⟨

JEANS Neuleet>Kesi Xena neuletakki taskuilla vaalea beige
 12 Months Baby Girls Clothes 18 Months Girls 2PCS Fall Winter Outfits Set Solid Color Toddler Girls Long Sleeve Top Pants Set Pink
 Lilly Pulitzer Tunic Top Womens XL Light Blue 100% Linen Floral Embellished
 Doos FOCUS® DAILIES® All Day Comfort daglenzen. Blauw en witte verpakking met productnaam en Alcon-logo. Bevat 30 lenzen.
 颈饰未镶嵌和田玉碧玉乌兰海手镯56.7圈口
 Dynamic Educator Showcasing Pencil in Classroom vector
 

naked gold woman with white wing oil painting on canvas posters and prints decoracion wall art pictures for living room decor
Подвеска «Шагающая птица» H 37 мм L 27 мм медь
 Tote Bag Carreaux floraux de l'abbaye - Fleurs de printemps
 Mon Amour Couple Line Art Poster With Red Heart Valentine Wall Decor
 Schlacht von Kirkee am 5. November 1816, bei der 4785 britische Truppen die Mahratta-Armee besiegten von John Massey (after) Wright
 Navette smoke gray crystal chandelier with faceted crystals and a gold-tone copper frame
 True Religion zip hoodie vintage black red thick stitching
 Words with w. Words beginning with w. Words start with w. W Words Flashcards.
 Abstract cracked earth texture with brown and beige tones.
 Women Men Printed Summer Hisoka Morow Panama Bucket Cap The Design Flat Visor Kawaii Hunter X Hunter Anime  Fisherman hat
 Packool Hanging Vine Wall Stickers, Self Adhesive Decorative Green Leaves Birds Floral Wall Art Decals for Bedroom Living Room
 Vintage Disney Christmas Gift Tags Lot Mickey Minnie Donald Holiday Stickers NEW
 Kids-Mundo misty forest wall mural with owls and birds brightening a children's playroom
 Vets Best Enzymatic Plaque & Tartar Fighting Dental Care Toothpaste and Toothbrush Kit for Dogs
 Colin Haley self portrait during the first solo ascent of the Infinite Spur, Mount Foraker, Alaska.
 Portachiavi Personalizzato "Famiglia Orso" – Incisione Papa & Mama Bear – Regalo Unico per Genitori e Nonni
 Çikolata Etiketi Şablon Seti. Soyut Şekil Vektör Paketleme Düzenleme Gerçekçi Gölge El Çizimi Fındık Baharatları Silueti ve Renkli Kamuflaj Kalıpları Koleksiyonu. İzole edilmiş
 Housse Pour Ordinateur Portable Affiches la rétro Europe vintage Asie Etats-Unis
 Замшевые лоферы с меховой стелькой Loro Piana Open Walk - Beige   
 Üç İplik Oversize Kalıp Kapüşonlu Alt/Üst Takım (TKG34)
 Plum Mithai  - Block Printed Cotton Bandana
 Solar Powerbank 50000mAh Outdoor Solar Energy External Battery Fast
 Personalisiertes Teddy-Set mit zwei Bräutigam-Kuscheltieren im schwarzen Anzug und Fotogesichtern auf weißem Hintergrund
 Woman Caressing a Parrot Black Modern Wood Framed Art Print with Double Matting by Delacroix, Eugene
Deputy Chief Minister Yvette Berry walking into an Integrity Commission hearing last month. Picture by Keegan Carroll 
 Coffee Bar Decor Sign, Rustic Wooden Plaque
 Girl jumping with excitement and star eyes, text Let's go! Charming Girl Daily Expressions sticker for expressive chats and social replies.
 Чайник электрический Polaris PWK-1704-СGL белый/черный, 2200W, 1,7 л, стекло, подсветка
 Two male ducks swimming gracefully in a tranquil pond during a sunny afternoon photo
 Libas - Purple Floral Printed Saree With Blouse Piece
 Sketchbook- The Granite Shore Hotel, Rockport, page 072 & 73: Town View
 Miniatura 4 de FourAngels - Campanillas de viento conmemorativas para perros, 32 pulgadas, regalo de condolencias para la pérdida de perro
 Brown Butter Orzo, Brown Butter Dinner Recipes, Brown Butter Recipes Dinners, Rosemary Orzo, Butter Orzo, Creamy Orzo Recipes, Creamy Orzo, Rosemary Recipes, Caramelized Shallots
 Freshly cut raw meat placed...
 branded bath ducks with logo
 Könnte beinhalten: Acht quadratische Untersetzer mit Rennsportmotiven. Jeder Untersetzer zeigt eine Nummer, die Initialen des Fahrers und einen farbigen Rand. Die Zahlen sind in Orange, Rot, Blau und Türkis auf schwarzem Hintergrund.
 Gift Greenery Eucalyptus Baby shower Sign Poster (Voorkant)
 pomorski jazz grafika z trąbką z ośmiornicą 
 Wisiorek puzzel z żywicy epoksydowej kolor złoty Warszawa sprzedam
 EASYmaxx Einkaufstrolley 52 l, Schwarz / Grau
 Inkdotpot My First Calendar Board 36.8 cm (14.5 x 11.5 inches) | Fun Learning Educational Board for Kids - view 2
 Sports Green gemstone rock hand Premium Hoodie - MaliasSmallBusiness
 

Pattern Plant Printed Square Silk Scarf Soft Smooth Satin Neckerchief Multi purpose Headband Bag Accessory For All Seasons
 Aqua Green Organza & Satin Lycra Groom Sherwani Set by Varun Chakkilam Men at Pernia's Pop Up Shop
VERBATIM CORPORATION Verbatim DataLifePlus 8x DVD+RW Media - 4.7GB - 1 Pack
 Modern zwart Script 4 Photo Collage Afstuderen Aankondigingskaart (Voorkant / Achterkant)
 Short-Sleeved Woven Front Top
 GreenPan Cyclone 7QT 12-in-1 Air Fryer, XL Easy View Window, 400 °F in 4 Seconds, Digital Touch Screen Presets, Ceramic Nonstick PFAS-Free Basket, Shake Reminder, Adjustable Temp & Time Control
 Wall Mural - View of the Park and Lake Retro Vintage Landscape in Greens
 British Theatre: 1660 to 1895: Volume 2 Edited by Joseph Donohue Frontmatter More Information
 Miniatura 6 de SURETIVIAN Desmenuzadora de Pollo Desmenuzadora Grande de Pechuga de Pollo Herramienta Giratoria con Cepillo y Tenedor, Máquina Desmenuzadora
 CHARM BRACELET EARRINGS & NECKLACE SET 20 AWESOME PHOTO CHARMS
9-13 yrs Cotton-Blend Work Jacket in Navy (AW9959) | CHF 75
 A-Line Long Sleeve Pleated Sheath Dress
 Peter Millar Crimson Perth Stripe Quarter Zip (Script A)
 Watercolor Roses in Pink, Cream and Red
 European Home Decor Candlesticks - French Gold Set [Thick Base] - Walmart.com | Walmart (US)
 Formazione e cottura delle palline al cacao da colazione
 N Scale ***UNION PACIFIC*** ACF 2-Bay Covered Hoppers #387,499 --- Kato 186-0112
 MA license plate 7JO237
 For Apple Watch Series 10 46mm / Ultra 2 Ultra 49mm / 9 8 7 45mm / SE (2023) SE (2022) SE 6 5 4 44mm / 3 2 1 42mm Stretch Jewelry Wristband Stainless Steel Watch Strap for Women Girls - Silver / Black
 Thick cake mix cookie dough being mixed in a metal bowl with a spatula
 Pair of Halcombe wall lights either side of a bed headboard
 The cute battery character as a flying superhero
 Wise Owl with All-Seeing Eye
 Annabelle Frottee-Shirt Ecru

⟩

Try it: Copy the lines from the entries above in which the word "Plaque" appears.

Result of this task:
 Vets Best Enzymatic Plaque & Tartar Fighting Dental Care Toothpaste and Toothbrush Kit for Dogs
 Coffee Bar Decor Sign, Rustic Wooden Plaque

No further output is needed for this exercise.